Value. The value density of data is low. Anomaly detection problem usually faces with high dimensional network data. Some features of these data are useless in identifying anomaly.

Velocity. The detection needs response in real-time in order to detect attack or anomaly in time.

In addition, building new signatures require human experts’ manual inspection which is not only expensive, but also induces a significant period of vulnerability between the discovery of a new attack and the construction of its signatures.

Patcha et al. [6] further categorizes anomaly detection methods into three categories: statistics-based, data mining-based and machine learning-based. Statistics-based method is difficult to adapt to the non-stationary variation of the network traffic, which leads to a high false positive rate [7]. To alleviates these shortcomings, a number of ADSs employ data mining techniques [8–12]. Data mining techniques aim to discover understandable patterns or models from given data sets [13]. It can efficiently identify profiles of normal network activities for anomaly detection, and build classifiers to detect attacks. Some earlier work show that these techniques can help to identify abnormal network activities efficiently.

Supervised anomaly intrusion detection approaches [8–10] highly rely on training data from normal activities, which are commonly used as data mining techniques. Since training data only contain historical activities, the profile of normal activities can only include the historical patterns of normal behavior. Therefore, new activities due to the change in the network environment or services are considered as deviations from the previously built profile, namely attacks. In addition, attack-free training data are not easy to obtain in real-world networks. The ADS trained by the data with hidden intrusions usually lacks the ability to detect intrusions.

To overcome the limitations of supervised anomaly-based systems, ADS employing unsupervised approaches has become a focus recently [14–17]. Unsupervised anomaly detection does not need attack-free training data. In distance-based methods, clusters are groups of data characterized by a small distance to the cluster center. However, a data point is always assigned to the nearest center, these approaches are not able to detect nonspherical clusters. In density-based spatial clustering methods, one chooses a density threshold, discards as noise the points in regions with densities lower than this threshold, and assigns to different clusters disconnected regions of high density. However, it can be nontrivial to choose an appropriate threshold.

Another challenge in ADS is feature selection. Many existing algorithms suffer from low effectiveness and low efficiency due to high dimensionality and large size of the data set. Hence, feature selection is essential for improving detection rate, since it can not only help reduce the computational cost but also improve the precision by removing irrelevant, mistaking and redundant features. However, in amount of data mining methods, features are selected based on the mutual information between feature and labels. Moreover, in many cases network data contain continuous variables which is challenging to measure the relation between features because the result greatly relies on the discretization methods.

Such limitations impose a serious bottleneck to unsupervised network anomaly detection problem.
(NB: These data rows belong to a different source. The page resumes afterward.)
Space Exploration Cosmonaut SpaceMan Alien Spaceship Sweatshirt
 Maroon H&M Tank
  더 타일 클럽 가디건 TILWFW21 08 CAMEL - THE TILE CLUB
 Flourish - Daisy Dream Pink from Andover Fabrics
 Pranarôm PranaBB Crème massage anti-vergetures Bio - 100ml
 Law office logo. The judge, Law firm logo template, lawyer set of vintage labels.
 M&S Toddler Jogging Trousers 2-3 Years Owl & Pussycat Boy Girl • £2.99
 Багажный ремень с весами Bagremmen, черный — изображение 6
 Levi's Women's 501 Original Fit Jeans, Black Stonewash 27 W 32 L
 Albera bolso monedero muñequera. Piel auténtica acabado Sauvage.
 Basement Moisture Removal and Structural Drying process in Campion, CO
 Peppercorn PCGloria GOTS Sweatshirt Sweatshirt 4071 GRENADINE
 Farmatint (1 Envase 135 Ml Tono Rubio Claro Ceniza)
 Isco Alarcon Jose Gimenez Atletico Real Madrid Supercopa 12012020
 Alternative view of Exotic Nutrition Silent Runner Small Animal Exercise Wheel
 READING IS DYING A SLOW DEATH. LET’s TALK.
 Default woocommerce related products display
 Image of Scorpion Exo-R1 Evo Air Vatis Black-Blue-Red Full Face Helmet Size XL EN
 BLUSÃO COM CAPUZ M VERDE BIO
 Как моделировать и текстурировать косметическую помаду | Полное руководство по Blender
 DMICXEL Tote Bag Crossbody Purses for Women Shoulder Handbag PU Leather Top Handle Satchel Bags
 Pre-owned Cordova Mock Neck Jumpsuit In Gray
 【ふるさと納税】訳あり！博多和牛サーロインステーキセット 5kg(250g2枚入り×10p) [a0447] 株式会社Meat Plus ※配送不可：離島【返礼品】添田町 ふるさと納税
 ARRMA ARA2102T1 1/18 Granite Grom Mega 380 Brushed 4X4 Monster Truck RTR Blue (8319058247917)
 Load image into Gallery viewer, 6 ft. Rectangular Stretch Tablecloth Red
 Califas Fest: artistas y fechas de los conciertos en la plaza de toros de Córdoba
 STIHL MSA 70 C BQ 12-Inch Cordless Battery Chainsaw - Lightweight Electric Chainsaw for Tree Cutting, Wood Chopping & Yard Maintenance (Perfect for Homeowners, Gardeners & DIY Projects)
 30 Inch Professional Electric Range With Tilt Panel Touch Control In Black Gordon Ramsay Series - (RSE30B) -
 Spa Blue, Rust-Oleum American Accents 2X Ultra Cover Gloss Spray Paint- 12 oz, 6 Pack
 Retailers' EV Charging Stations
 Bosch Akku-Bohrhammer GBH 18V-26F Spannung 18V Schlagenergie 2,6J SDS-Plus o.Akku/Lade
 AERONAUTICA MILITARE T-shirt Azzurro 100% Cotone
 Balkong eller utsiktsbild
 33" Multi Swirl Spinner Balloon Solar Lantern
In this paper, we investigate anomaly detection problem in large scale and high-dimensional network data without labels and propose a new approach, called UFSDP (Unsupervised Feature Selection based Density Peak clustering) to tackle it. The major contributions of this paper are summarized as follows.

  1. (1)

    We propose a new systematic framework that employs the density peak based clustering algorithm for network anomaly detection. This clustering algorithm has the advantage of extracting cluster centers and outlier points automatically. Besides, sampling adaptation is applied to improve the time and memory efficiency of the original clustering method in center selection stage.

  2. (2)

    An unsupervised cluster-based feature selection mechanism is proposed before clustering procedure. We use two different ways to compute the relations for discrete and continuous attributes respectively. Different from other feature selection mechanism, we cluster the relevant features into groups according to their maximum redundancy from each other. Eventually redundant features are removed to make the feature number as least as possible.

  3. (3)

    Extensive experiments are made to evaluate the performance of proposed method. Firstly, comparison are made over different classifiers by using original dataset and dataset with feature reduced by proposed selection algorithm. The proposed sampled-density peak clustering methodology is also compared with other clustering algorithms to evaluate its clustering performance in different credible metrics.

The rest of the paper proceeds as follows. Section 2 reviews related work. Section 3 describes our methodologies including unsupervised feature selection and density peak clustering respectively and highlights our motivation in using them. Section 4 presents our evaluation results and analysis. Section 5 finally summarizes our work.

2 Related Work

2.1 Unsupervised Anomaly Detection

Most of current network anomaly detection systems are supervised learning method. However, training data is typically expensive to obtain. Using unsupervised anomaly detection techniques, the system can be trained with unlabeled data and is capable of detecting previously unseen attacks.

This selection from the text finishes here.